SEOUL – Local banks are hurriedly laying out plans to carry out profit-sharing corporate social responsibility activities after President Yoon Suk Yeol condemned them for enjoying hefty bonuses even as people suffer under higher interest rates. But the efforts appear to be falling short of quelling public criticisms.

According to the Korea Federation of Banks on Wednesday, its new social corporate responsibility project will bring a support effect of around 10 trillion won ($7.8 billion) to society over the next three years.

The KFB is a lobby group for local commercial banks in Korea. The group’s members include major banks such as KB Kookmin, Shinhan, Hana and Woori.
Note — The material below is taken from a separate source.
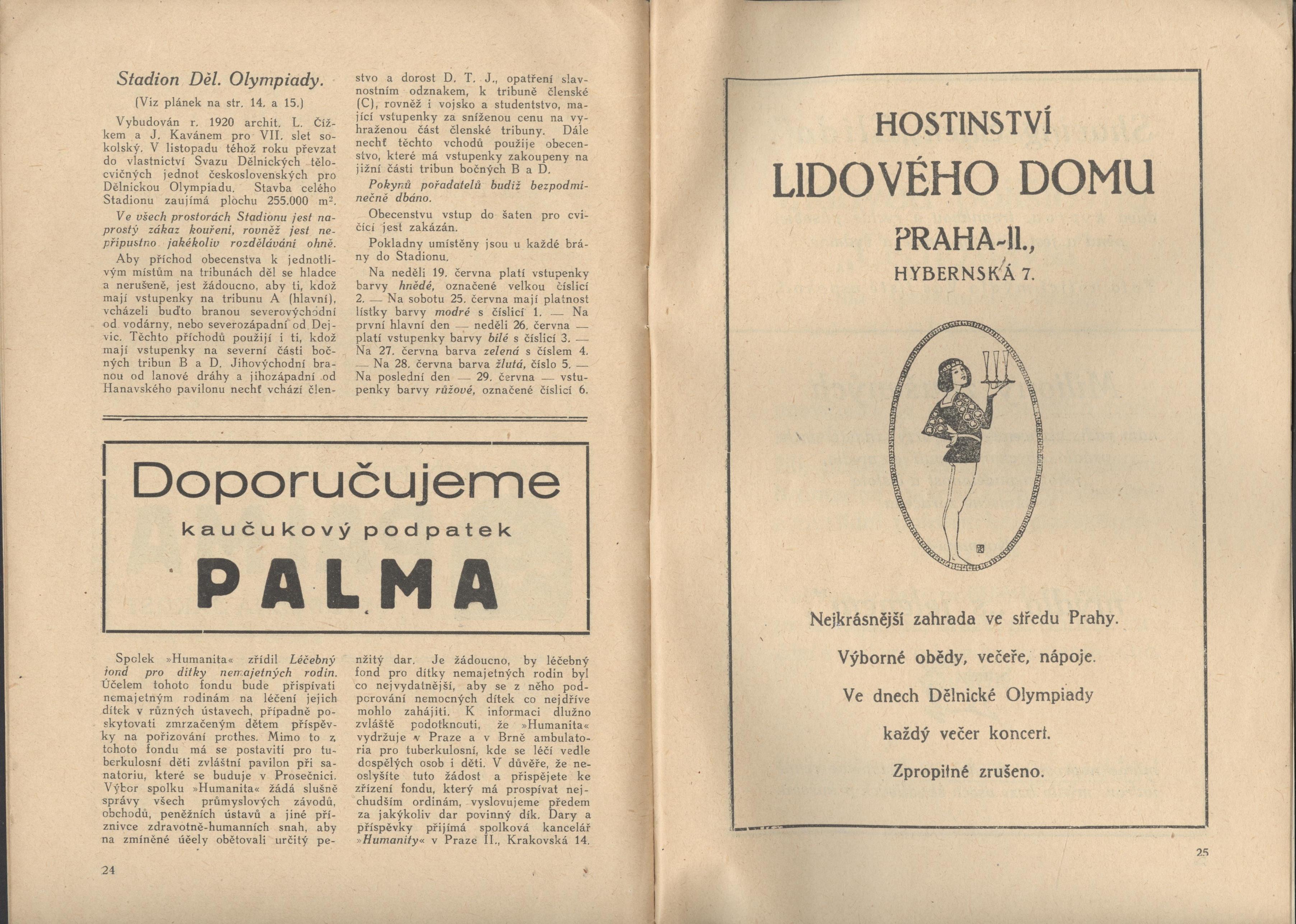 Náhledový obrázek Program I. Dělnické olympiády. Průvodce pražskými památnostmi a důležité pokyny - 7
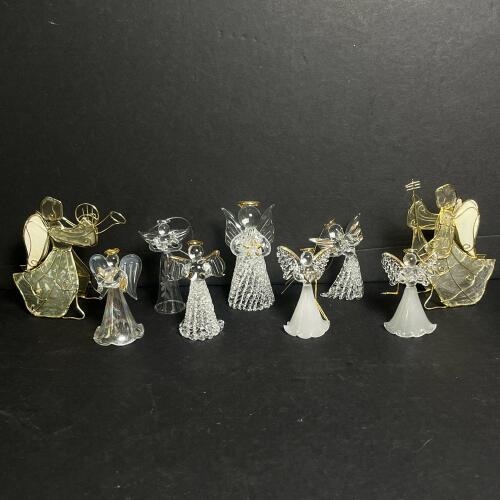 Glass and Stained Glass Angel Figurines Assortment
However, the gesture was soon criticized as insufficient.

According to the banks’ plans, they will use around 500 billion won from the fund, jointly created by the local banking industry for social contribution projects, to support those with low income and low credit ratings.

Some 150 billion won and 90 billion won will be respectively used for providing emergency living expenses for vulnerable borrowers and support to those who have been repaying debt without delay.

Around 160 billion won is to be used to relieve burdens on small and medium-sized enterprises. In addition, 100 billion won will be injected into the lobby groups’ platform Bankit for various corporate social responsibility projects and to provide guarantees for socially vulnerable people.

The five top commercial banks will also increase the amount they will inject into the Korea Credit Guarantee Fund to 320 billion won from 260 billion won over the next three years.

Some industry insiders who have criticized the banks’ plans see them as trying to deceive with exaggerated figures, as they claim a potential support effect of 10 trillion won with a large part of the project centered on providing guarantees.

They see that providing support for guarantees means the banks are only allowing people to take out more loans, while the total amount that local banks contribute to the joint social responsibility project over the next three years will not increase much.

For example, the Korean Federation of Banks says it will inject around 160 billion won to provide support for guarantees to small and medium-sized businesses, resulting in its calculation that it will see a support effect amounting to around 2 trillion won.

The actual amount that the local banks will inject for the new plan adds up to around 780 billion won, according to the KFB.

Meanwhile, the Korean government and financial watchdogs’ pressure on banks to share profits with society has been increasing.

In response to President Yoon asking financial watchdogs to find a way to stop banks from holding a “bonus party,” the Financial Supervisory Service on Wednesday announced it has begun reviewing measures to break the oligopoly in the banking industry.

The FSS mainly aims to induce further competition in the local banking industry mostly dominated by five major commercial lenders: Shinhan, KB Kookmin, Hana, Woori and NH NongHyup.

Financial watchdogs see that breaking this oligopoly could put an end to local banks profiting excessively from high interest rates and enjoying hefty bonuses instead of sharing them with society.

“Efficient pricing is possible only when there is perfect competition,” FSS head Lee Bok-hyun said.